Smithsonian Magazine, in its more than 40 years of existence, has rarely been of interest to us foodies. Sure it's always full of nifty inventions, complicated science and fascinating history, but food was never on its front burner.
That all changed this June.
The first-ever Smithsonian Magazine Food Issue was published (insert squeal of delight here), with 11 fascinating, informative historical and scientific stories just for us foodies. The magazine was first published in 1970 with the goal of "[stirring] curiosity in already receptive minds."
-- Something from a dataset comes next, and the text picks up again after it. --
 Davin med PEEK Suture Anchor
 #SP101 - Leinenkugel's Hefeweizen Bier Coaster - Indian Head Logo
In keeping with the Smithsonian's goal of dealing with history that is relevant to the present, what has more historical value in the food world than salt and chicken? So it's no wonder there are two great stories on these subjects, with an egg sidebar.
When deciding to do a food issue, the editor thought, "though we aren't a food magazine, we've found that the subject is one of the best ways to talk about food culture and identity. When you come back from a trip, one of the first questions friends ask you is, 'How was the food?' Meaning not just 'Did you eat well?' but how did it reflect the place it was made, the history and the terroir? As the world becomes more homogenized, food is one of the last and most important artifacts of authenticity. We are, in so many senses, what we eat."
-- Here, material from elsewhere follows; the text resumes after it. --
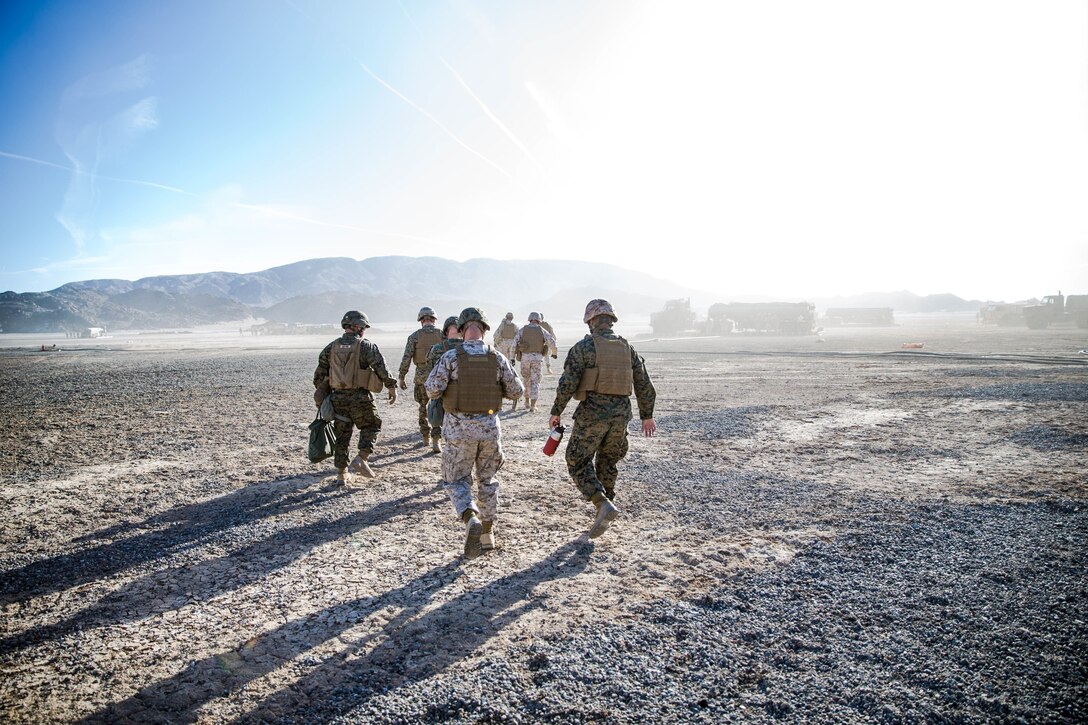 Marines with Special Purpose Marine Air Ground Task Force 5 land at a Forward Arming and Refueling Point at Marine Corps Air Ground Combat Center, Twentynine Palms, Calif., Feb. 4, 2018, as a part of Integrated Training Exercise 2-18. The purpose of ITX is to create a challenging, realistic training environment that produces combat-ready forces capable of operating as an integrated MAGTF. (U.S. Marine Corps Photo by Pfc. William Chockey)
And it only took the magazine for smarties 40 years to figure out what every farmer, home cook, chef, food writer, food scientist and food manufacturer has known for centuries. Home is where the food is, and food tells us where home is.
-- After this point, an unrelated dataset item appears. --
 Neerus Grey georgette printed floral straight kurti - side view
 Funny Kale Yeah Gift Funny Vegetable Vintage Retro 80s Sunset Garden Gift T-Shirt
There is also a great article on Julia Child by Ruth Reichl. Child's kitchen is in the Smithsonian, and it will be the centerpiece of a new exhibition called "Food: Transforming the American Table," which will open Fall 2012. The article looks at Child from a different perspective -- as a woman of her times, a novice cook whose grandest achievement was her long-lasting marriage.
Equally important are the stories about salt, chicken, gumbo, oysters and whether technology can save breakfast. This issue was planned and put together with the help of Jonathan Gold, the Pulitzer Prize-winning food critic from LA.
If you love food, eat food, grow food, cook food, write about food or like to read about food, you must get this issue of the magazine. It is the first annual, and I look forward to many more years of the Smithsonian giving us foodies our due.